To the Technology Community:
Your threat model just changed.

Incoming President Donald Trump made campaign promises that, if carried out, threaten the free web and the rights of millions of people. He has praised attempts to undermine digital security, supported mass surveillance, and threatened net neutrality. He promised to identify and deport millions of your friends and neighbors, track people based on their religious beliefs, and suppress freedom of the press.

And he wants to use your servers to do it.

Today, we are calling on the technology community to unite with the Electronic Frontier Foundation in securing our networks against this threat.

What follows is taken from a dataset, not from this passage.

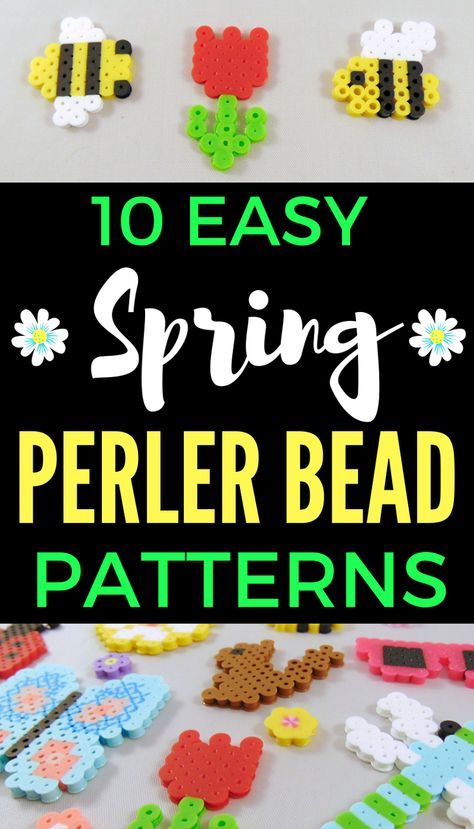 Spring Perler Beads, Spring Perler Bead Patterns, Animals Eyfs, Melt Beads Patterns, Crafts Spring, Easy Perler Bead Patterns, Melty Bead Patterns, Activity Workbook, Pearl Beads Pattern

Encrypt: Use HTTPS and end-to-end encryption for every user transaction, communication, and activity by default.

Delete: Scrub your logs. You cannot be made to surrender data you do not have.

Reveal: If you get a government request to monitor users or censor speech, tell the world.

Resist: Fight for user rights in court, on Capitol Hill, and beyond.

When you stand with users, we’ll stand with you. EFF has fought for the rights of technology creators and users for 26 years, through four different presidential administrations. As a nonpartisan nonprofit, we combine litigation, activism, and software development to defend civil liberties in the digital world.

The future of our democracy depends on an Internet that is free from censorship and government surveillance. Together we can ensure that technology created to connect and uplift people worldwide is not conscripted into a tool of oppression. Join us in defending users.